Let Your Team Break Stuff On Purpose

The best engineering team I ever ran had a Friday afternoon ritual. Someone would walk into a meeting room with a stopwatch, pick a service from a hat, and break it. Then we sat and watched what happened.

The first time we did it, two people refused. They thought I had lost the plot. Why would I deliberately damage a working system?

Because a working system is not a known system. It is a system which has not failed yet. And the day it fails, you find out exactly how little you knew about it.

A calm engineer in a data centre taking notes while a single server bursts into flames

Netflix figured this out in 2011

I am not the one who invented this. Netflix did, fifteen years ago, when they were moving everything to AWS and were terrified of how brittle the cloud felt. Their answer was to write a tool called Chaos Monkey, the entire purpose of which was to kill random servers in production during business hours.

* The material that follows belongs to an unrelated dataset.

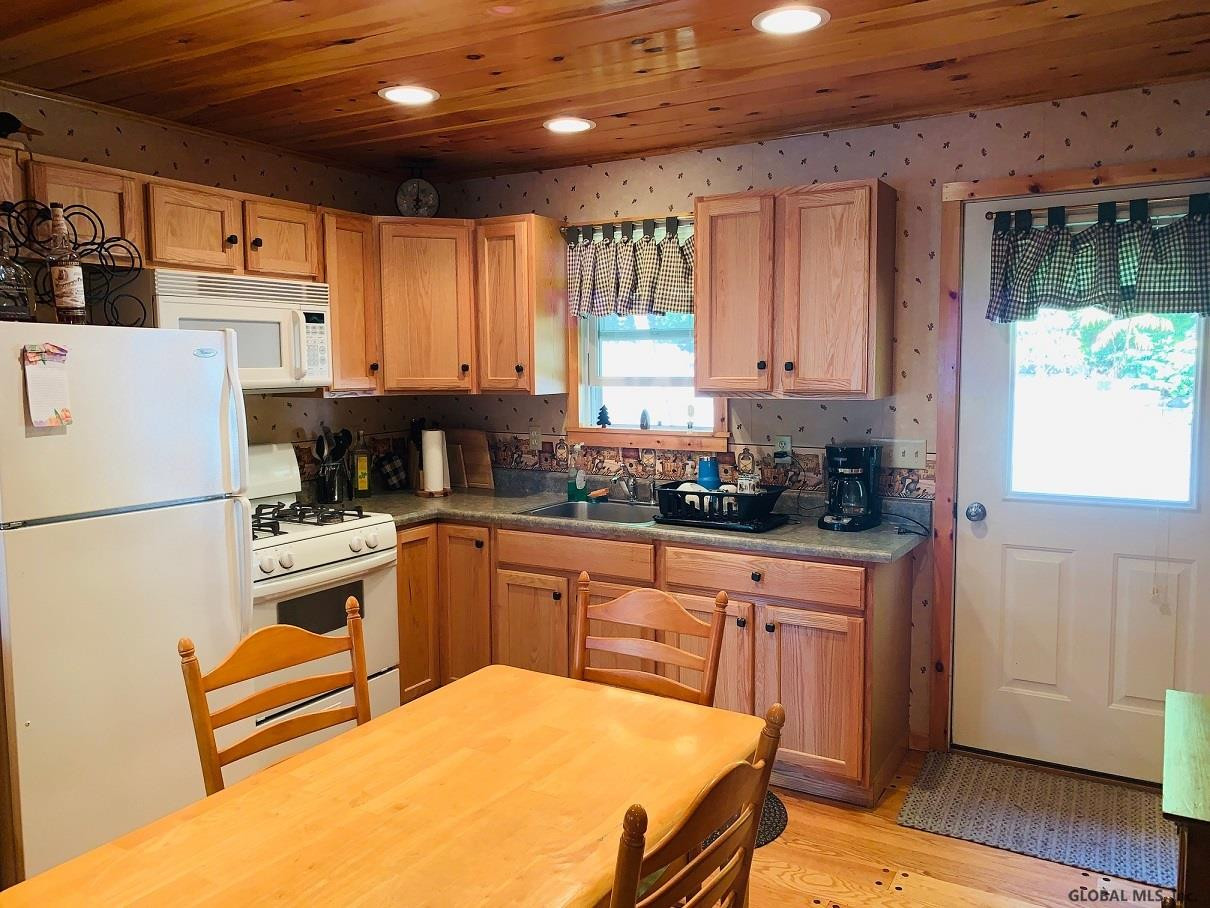 286 Fraternaland Road Schroon, NY 12858 - Photo 10 of 20 Photo 10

According to Wikipedia's chaos engineering page, Netflix released the source for Chaos Monkey in 2012. Amazon had been running similar Game Days since 2003. Google's DiRT programme started in 2006. Facebook had Project Storm. The biggest, most reliable systems on the internet are all built by teams who break things on purpose.

If the most uptime-obsessed companies in the world deliberately tear at their own systems, why does your team treat any unplanned outage as a fireable offence?

"Don't break it" is how you build fragile teams

Walk into a typical mid-size engineering org and tell them you want to deliberately take down a service. Watch the room change colour. The on-call engineer goes pale. The product manager starts drafting an objection. The director asks if you have approval.

This is fragility. Not in the system, in the people.

A team afraid to break things has stopped learning about its own product. They write tests for the happy path. They mock the failures so the suite stays green. They have never watched what happens when the auth service times out, so they have no idea whether the retry logic works, whether the circuit breaker trips, or whether the user sees something graceful instead of a 500 page covered in stack traces.

I have worked with teams like this. They are the same teams who get paged at 3am for the third time in a week because something they "tested" did not survive contact with real life.

The principles are simple

The Principles of Chaos site distils it down to four ideas worth memorising.

Build a hypothesis about steady-state behaviour. Pick the metric you care about. Latency. Order rate. Login success. Whatever defines "the system is fine."

Vary real-world events. Kill a process. Drop network packets. Spike traffic. Inject a 30-second delay into the database. Fail the regional cache.

Run experiments in production. This is the line people balk at. Staging is a lie. Staging has the wrong data, the wrong load, the wrong dependencies. The only environment which tells you the truth is the one your users are in.

Automate the experiments to run continuously. A one-off Game Day is good. A weekly cron job firing off small failures is better. You are looking for the regression, the new dependency, the silent change in behaviour... and you only catch those if the experiments never stop.

There is a fifth idea hiding in the small print, and it is the one nobody talks about loud enough... minimise the blast radius. Start small. One pod. One region. Off-peak. You are not trying to take down the system. You are trying to learn from it.

A friendly cartoon chaos monkey tugging at server cables in a data centre

The numbers do not lie

Gremlin's State of Chaos Engineering report found 60% of surveyed teams had run at least one chaos experiment. The interesting bit is what the regular practitioners get out of it. Top-performing chaos engineering teams hit four-nines availability with an MTTR of under one hour. Read it again. Four-nines uptime, with bad days resolved in under sixty minutes.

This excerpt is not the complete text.